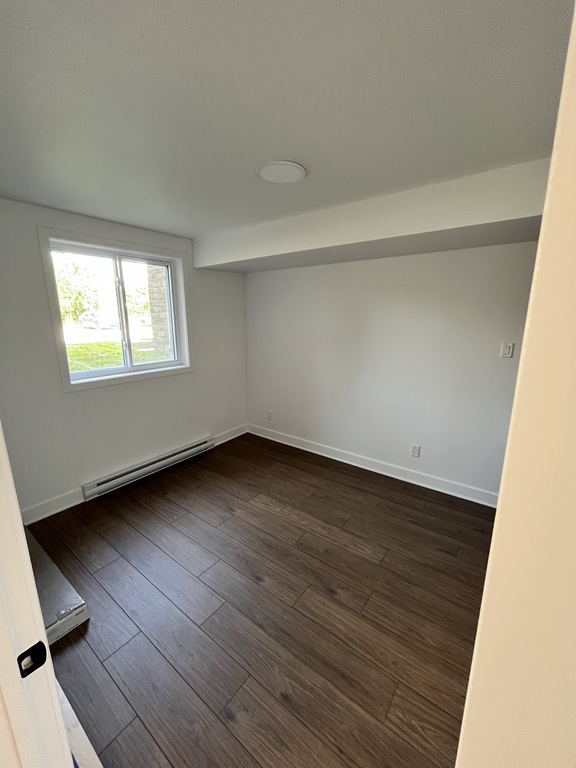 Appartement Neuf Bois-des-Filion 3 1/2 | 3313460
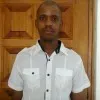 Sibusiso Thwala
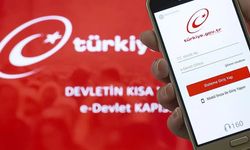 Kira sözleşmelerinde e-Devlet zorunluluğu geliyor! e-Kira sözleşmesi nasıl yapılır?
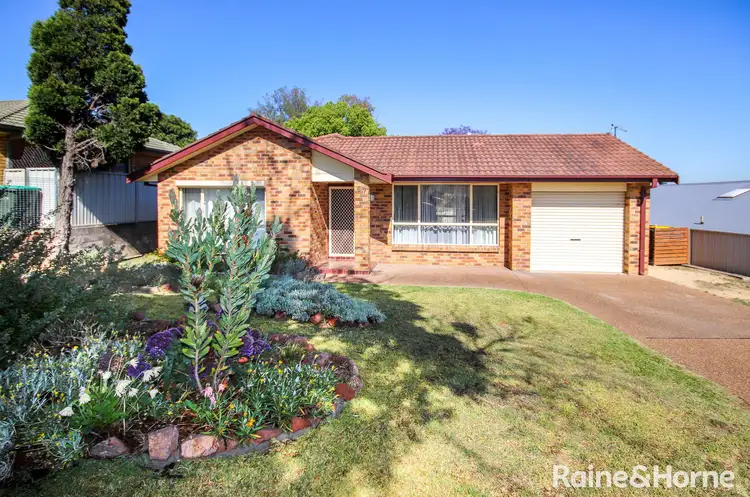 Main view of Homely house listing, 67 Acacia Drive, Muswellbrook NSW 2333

____________________

* TASK REQUIREMENTS *
The material above is to be transcribed exactly, with its images omitted.

* OUTPUT *
 Appartement Neuf Bois-des-Filion 3 1/2 | 3313460
 Sibusiso Thwala
 Kira sözleşmelerinde e-Devlet zorunluluğu geliyor! e-Kira sözleşmesi nasıl yapılır?
 Main view of Homely house listing, 67 Acacia Drive, Muswellbrook NSW 2333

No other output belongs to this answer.